И здесь впору еще раз вспомнить о веревке, использование которой, казалось, исчерпывающе объясняет сложность рисунка танца-лабиринта. Но ведь именно сложные фигуры в танце выполнить тем легче, чем больше свободы для движения есть у танцующих! Тем более что танец, связанный с птицами, должен содержать в себе отсылку к свободному полету. Конечно, нам нелегко представить себя на месте «танцора-журавля». Однако, возможно, мы можем сделать кое-какие умозаключения, основываясь на ситуации, в которой ощущение лабиринта возникло у современного человека и было подробно описано. Речь идет о лунатической ходьбе (automatisme ambulatoire), в процессе которой человек сохраняет ясность сознания, находится даже в состоянии гипермнезии, и все же ходит, словно по лабиринту — сначала влево, потом, достигнув центра, вправо. Этот опыт неоднократно сопровождается феноменом левитации — человек чувствует, что поднимается над полом, словно его подхватывает мощный ветер.
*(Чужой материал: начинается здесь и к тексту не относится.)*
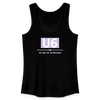 U6 - Frauen Bio Tank Top - Schwarz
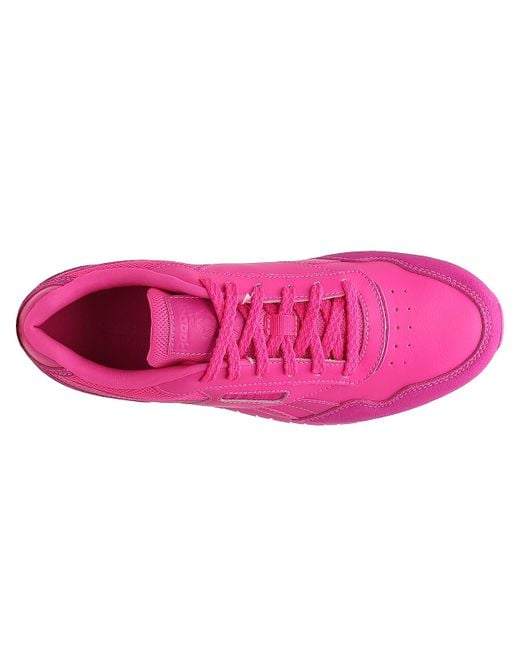 Reebok Classic Harman Run Sneaker in Pink | Lyst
Он пытается удержаться, ухватиться за твердую поверхность; я беру это описание практически дословно из врачебного отчета. При этом речь не идет о безумце; пациентка прекрасно сознает, где она находится, и вообще пребывает в состоянии «двойного сознания». Она цепляется за садовую ограду, за падубы, чтобы не улететь и не утратить связь с этим миром. Возможно, веревка служила делийским и италийским танцорам для той же цели? Было ли их ощущение полета столь сильным, что они вынуждены держаться друг за друга и за посюстороннюю реальность? Нельзя недооценивать силу переживаний; даже у полностью здоровых людей бывают исключительные, чрезвычайные состояния.